By The Associated Press
OXFORD — The Oxford Board of Aldermen expects to get a first look at a proposed traffic control ordinance when it meets April 16.
The board this week asked the Oxford Pathways Commission to come up with a traffic calming policy for the city.
The Oxford Eagle reports that Assistant City Engineer Reanna Mayoral has presented a draft proposal to the Pathways Commission for consideration when it meets in April.
Mayoral said the draft outlines a process people will to get their streets considered for traffic calming measures, such as speed bumps, and how the city will determine what, if anything, should be done.
Only local, neighborhood roads will be considered — not main thoroughfares.
Mayoral said some neighborhoods are concerned with the volume of vehicles on their roads. To be considered a problem, a street will need to have a minimum of 1,000 vehicles per day to be eligible for traffic calming.
For neighborhoods that are concerned about speeders, she said it must be determined that 85 percent of users on the road are exceeding the established speed limit by at least 7 mph.

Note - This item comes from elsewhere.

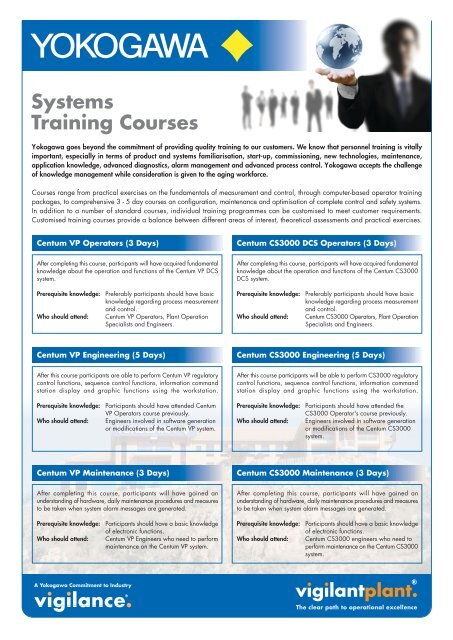 Systems Training Brochure - Yokogawa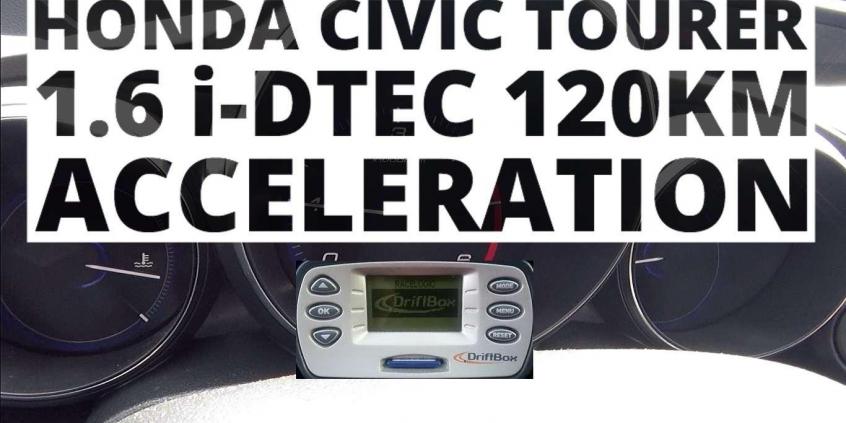Honda Civic Tourer 1.6 i-DTEC 120 KM (MT) - przyspieszenie 0-100 km/h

The Public Works Department will conduct traffic studies to determine the speed and volume on each road. If a valid traffic issue is found. Public Works will deal with each road on a first-come basis.
“We felt it was the fairest way to deal with it,” Mayoral said. “There’s no way we could track which street came to a city official first. Some have been trying to get this done for several years. Filling out the application is a good way to start over and go from there. It gives us a formal process.”
Mayoral said initially the city will deal with problems with radar speed trailer deployments, traffic enforcement actions, traffic signing and pavement markers, curb extensions and chokers and traffic circles.
If that doesn’t work, she said, the city may install speed humps, median entry/exit islands and one-way chokers, half closures or semi-diverters.